Let $z = \textrm{antidiag}(1,-1,1,-1, ... , 1, -1)$. And let $$G = \textrm{Sp}_{2n} = \{ x \in G : x^t z x = z \}$$
The standard maximal torus of $G$ is $D = \textrm{diag}(t_1, ... , t_n, t_n^{-1}, ... , t_1^{-1})$. If you take for granted that $G$ is semisimple, you can at least find a set of generators for $N_G(D)$ modulo $D$, which isn't quite what you want, but close.
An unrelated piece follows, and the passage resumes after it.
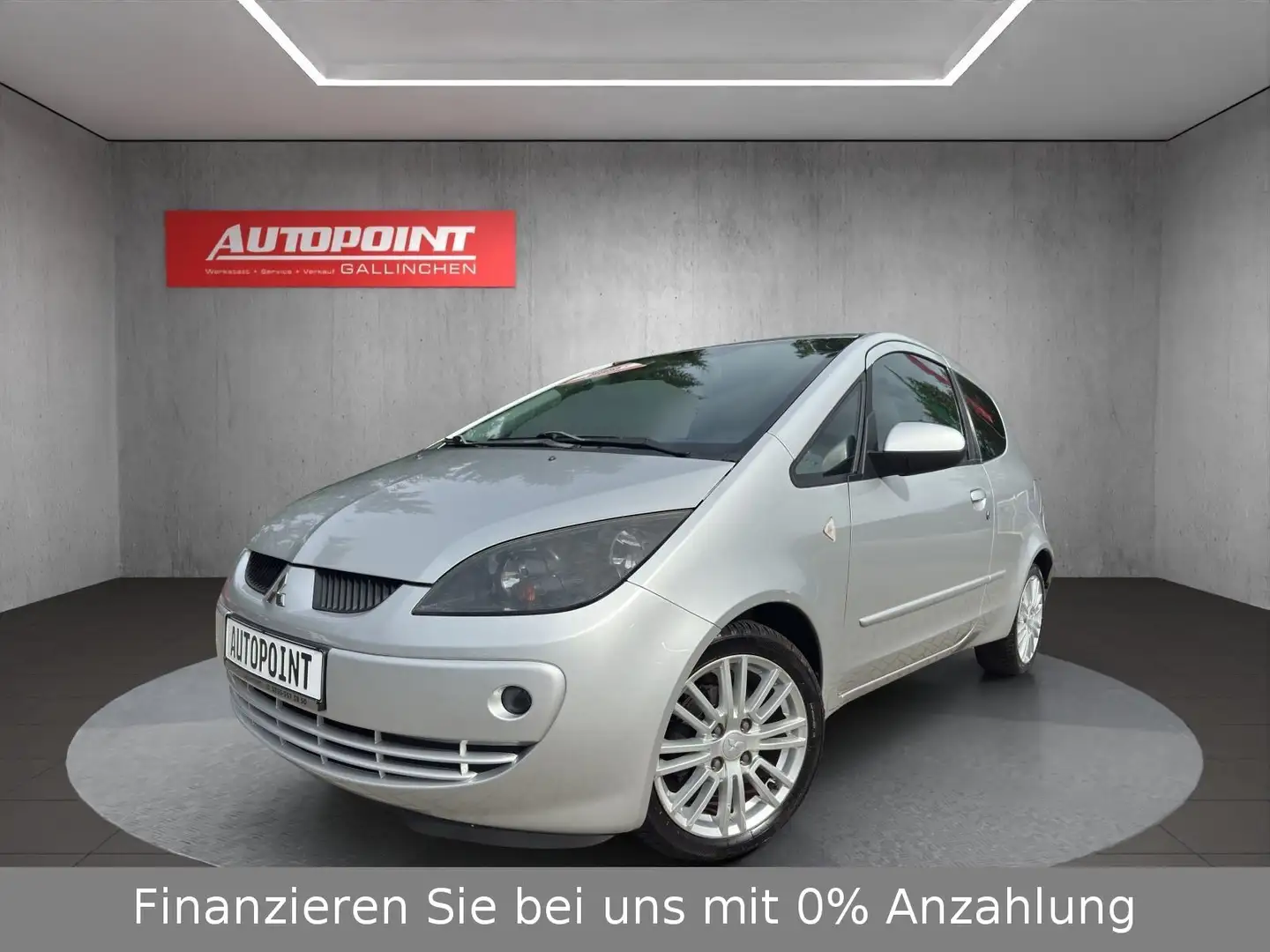 Mitsubishi Colt 1.1 Tüv & Service neu & Allwetter Silber - 1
Let $X(D)$ be the free abelian group of rational characters of $D$, which has basis $e_1, ... , e_n$ (where $e_i[\textrm{diag}(t_1, ... , t_n, t_n^{-1}, ... , t_1^{-1}] = t_i$). Let
$$\Delta = \{e_1 - e_2, ... , e_{n-1} - e_n, 2e_n \}$$
Let $\alpha \in \Delta$. Modulo $D$, there is a unique element $w_{\alpha}$ in $N_G(D)$ which does not lie in $D$ and which commutes with the elements in $(\textrm{Ker } \alpha)^0)$, the connected component of the kernel of $\alpha$. In other words, $[N_{Z_G((\textrm{Ker } \alpha)^0)}(D) : D] = 2$. For all the $\alpha$ except $2e_n$, $\textrm{Ker } \alpha = (\textrm{Ker } \alpha)^0$.
For example, $w_{e_1-e_2}$ is going to be something like
$$\begin{pmatrix} 0 & -1 \\ 1 & 0 \\ & & 1 \\ & & & \ddots \\ & & & & 1 \\ & & & & & 0 & -1 \\ & & & & & 1 & 0 \end{pmatrix}$$
although you may need to tweak the signs $\pm 1$ in a few places to make it actually lie in $G$.
Anyway, the general theory of root systems tells you that $N_G(D)/D$ is generated by the images of these elements $w_{\alpha} : \alpha \in \Delta$.